> [HOW TO COMPLETE THIS TASK]: Only the lines from the line that contains "Rear vista al mar - 8119 S Hoover St" through the final line of the entries below belong in your answer, copied exactly and without pictures.

(Image-text web data)

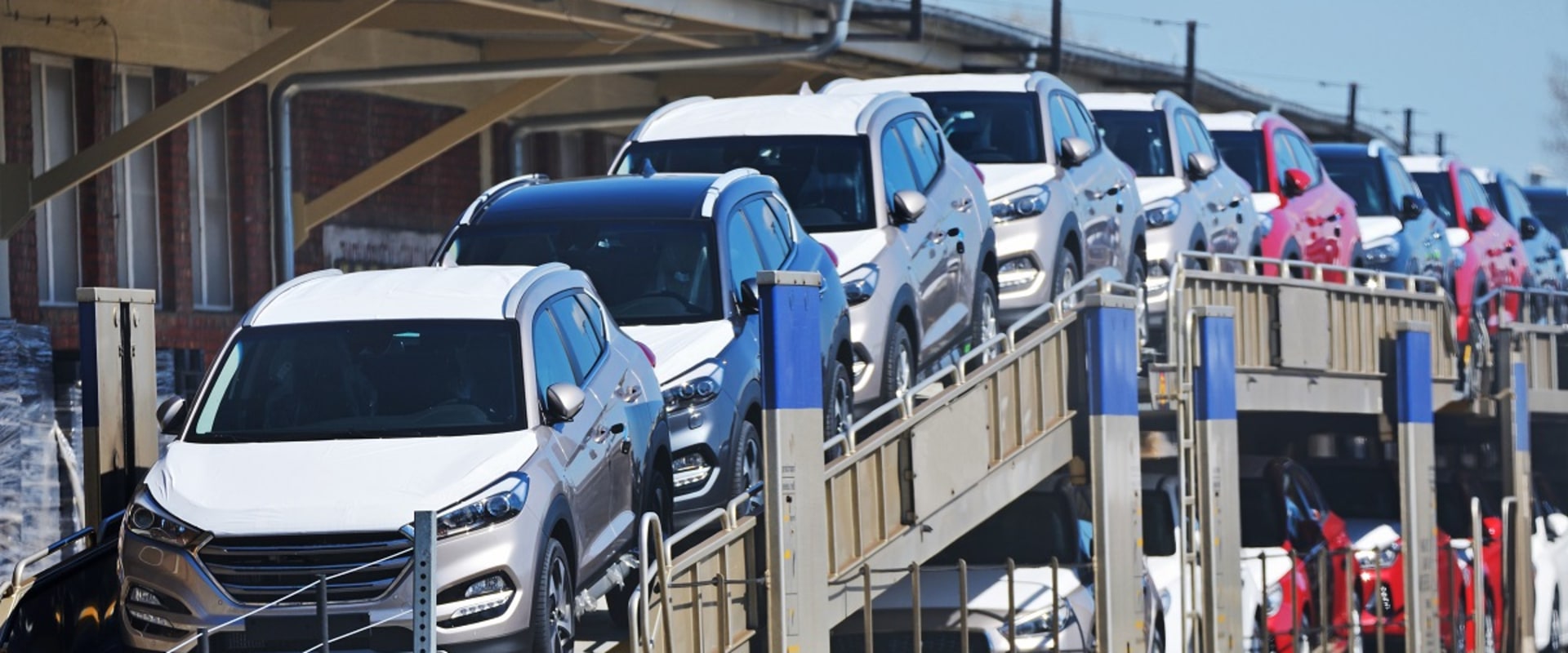 Car Shipping Services: Understanding Costs and Factors to Consider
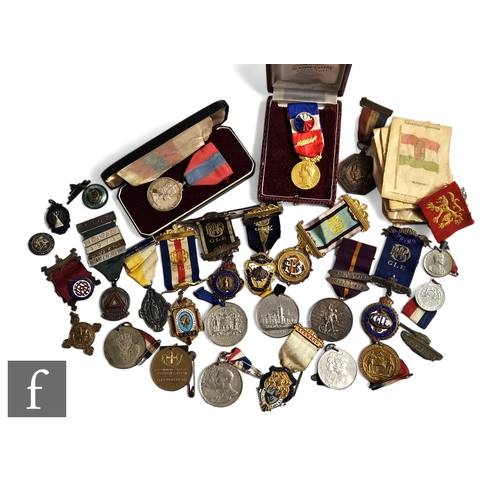 734 - A small parcel lot of commemorative medallions, Buffalo medals, an Imperial Service Medal etc.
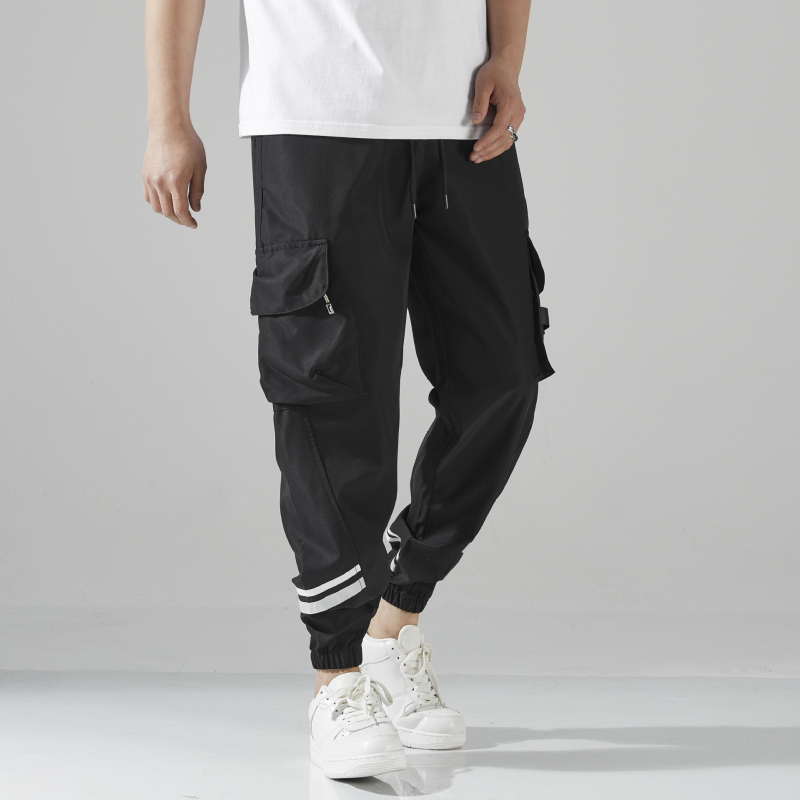 Vyrinės cargo kelnes, laisvas kirpimas, tiesus kelnių siluetas, vidutinio juosmens, poliesterio audinys, korėjietiškas stilius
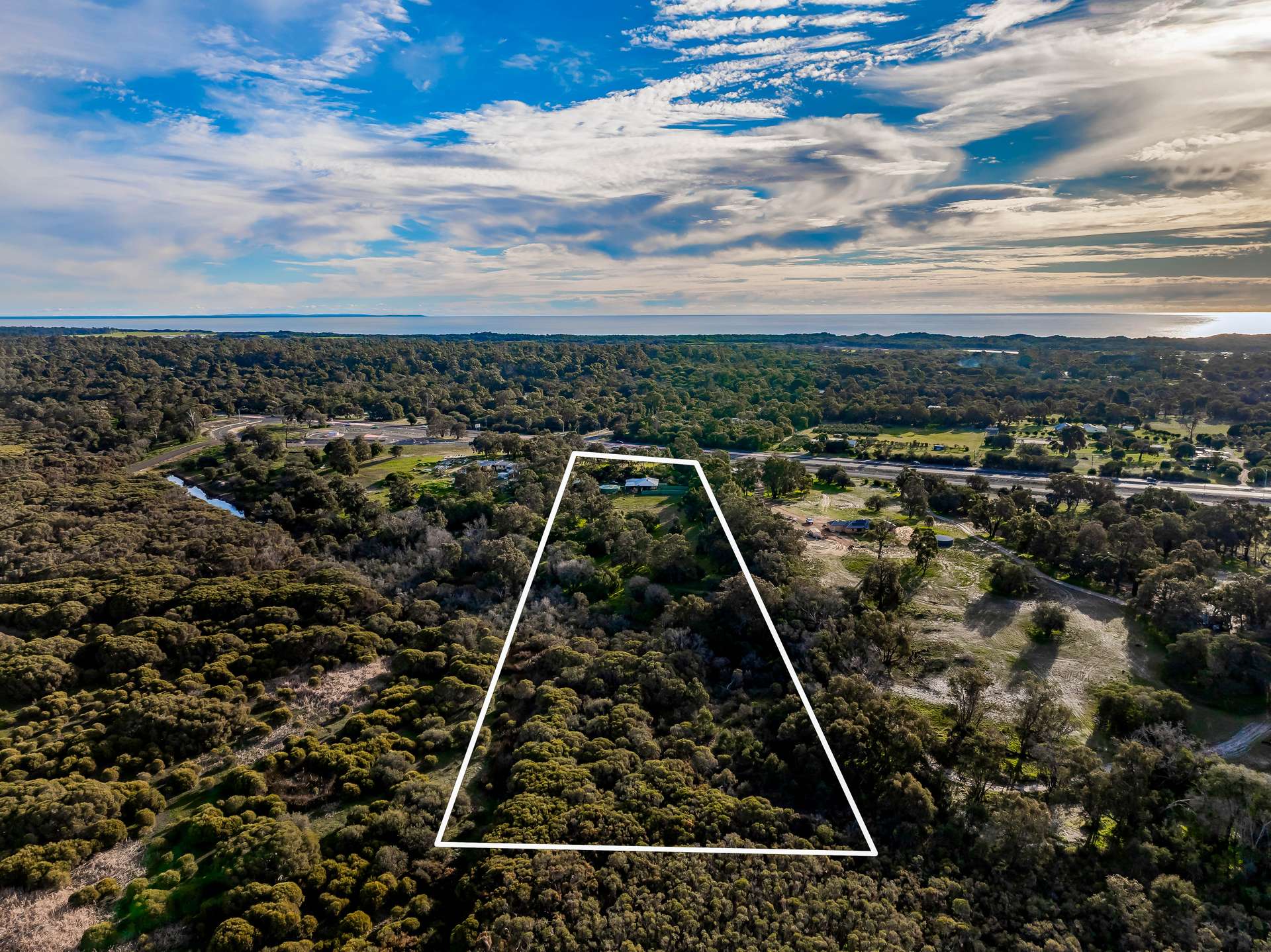 44 Grevillea Road, Stratham For Sale by Farmbuy.com - image 23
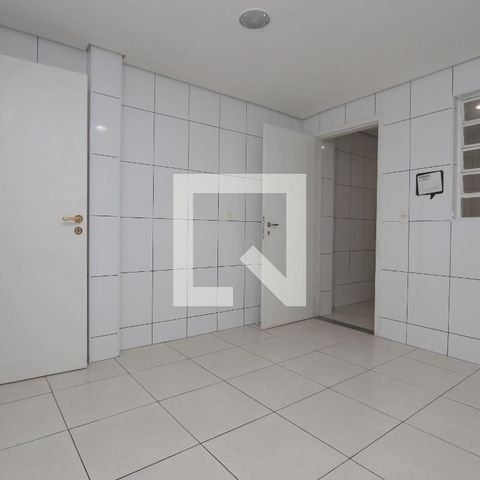 Casa à venda com 149m², 5 quartos e 2 vagasCozinha 2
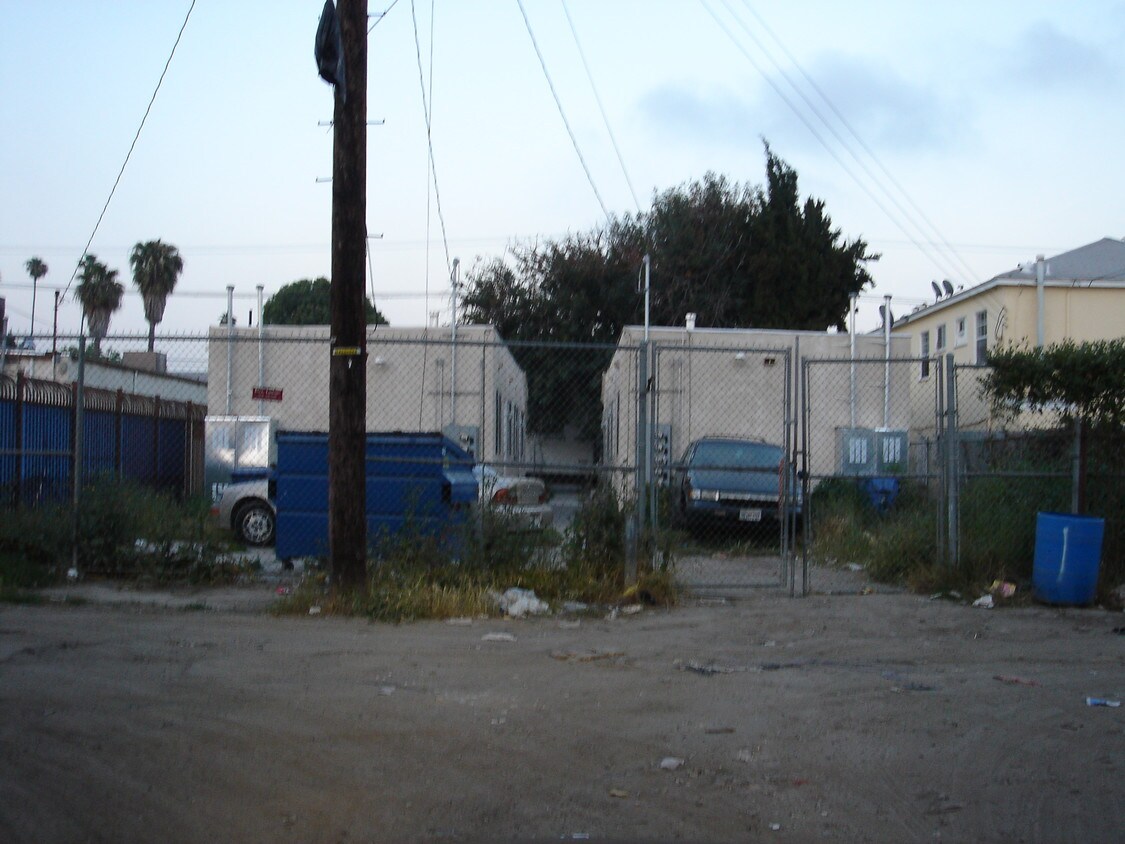 Rear vista al mar - 8119 S Hoover St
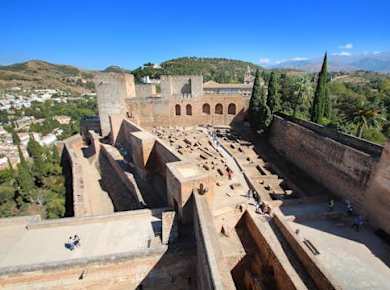 Tickets ohne Anstehen und Audioguide für die Alhambra, den Palast Karls V., Generalife und Alcazaba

> [TASK OUTPUT]:
 Rear vista al mar - 8119 S Hoover St
 Tickets ohne Anstehen und Audioguide für die Alhambra, den Palast Karls V., Generalife und Alcazaba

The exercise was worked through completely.